I am not going to answer those questions in general, in my view it would be silly to do so. How technology driven innovations can benefit a given solution to a problem is very contextual, not something we can broadly generalise.

I will though share an example, and a good example I believe. An example where value is upfront and easy to measure: How much value a simple machine learning stock trading algorithm can deliver when put against a simple rule of thumb trading strategy?

Disclaimer: I am not an experienced stock trader, I have only started recently following the sharp devaluation of the Japanese Yen (I am based and work in Tokyo). Do not reach out for any investment advise.

In any case, I thought it would be interesting to quickly put the two trading strategies against one another. Both very simple and devised within few days in the small window of time I have between my kids falling asleep and my inability to keep my eyes open.

The two strategies are as follows (on a daily trading routine) and are based only on S&P 500 Stocks:

  • Rule Of Thumb: Every day check S&P 500 stocks and select top 50 stocks once sorted by strength of linear growth in the past 15 days, and by how much the price has gone down in the past 3 days. Buy the 50 ones that had the strongest linear growth, but lost the most value in the last 3 days. The rationale is that the price should bounce back to regress to the mean of the linear growth
  • Machine Learning: Create a model that basis 15 days of S&P 500 stock price history it gives the probability that the price will grow the next day. Buy stock proportionally to that probability, when the probability is > 50%. The model is trained with 50 random dates data from the first part of 2023.

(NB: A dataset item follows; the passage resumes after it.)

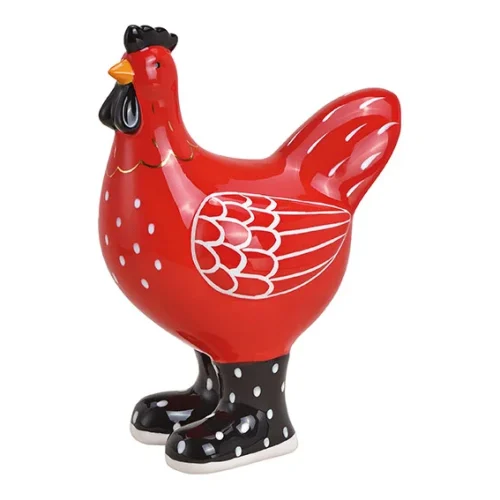 Beeldje rode kip met rubber laarzen 17cm hoog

As you can notice even the Machine Learning approach is really simple, we are feeding the model only 15 days of stock price data and creating only 3 features actually: avg 15 days growth, avg 15 days volatility and last 3 days price change (as a ratio). This is super basic, and indeed only used to compare with the basic Rule of Thumb approach. The idea is that we only want to assess the value of the Machine Learning algorithm (a simple logistic regression) and keep things as similar as possible to the basic Rule of Thumb strategy.

Here are the results! (trading from July 23 to June end 24, price/value indexed at the first day of trading):

Now it does not look like a massive win, but we are looking at a return on the investment of ~50% as opposed to ~15% (S&P index gains) over a year. It is also of note that the ML model was actually doing worse when the S&P500 index overall was going low in the in the second half of 2023. The rule of thumb instead seems to basically track the S&P500 index overall.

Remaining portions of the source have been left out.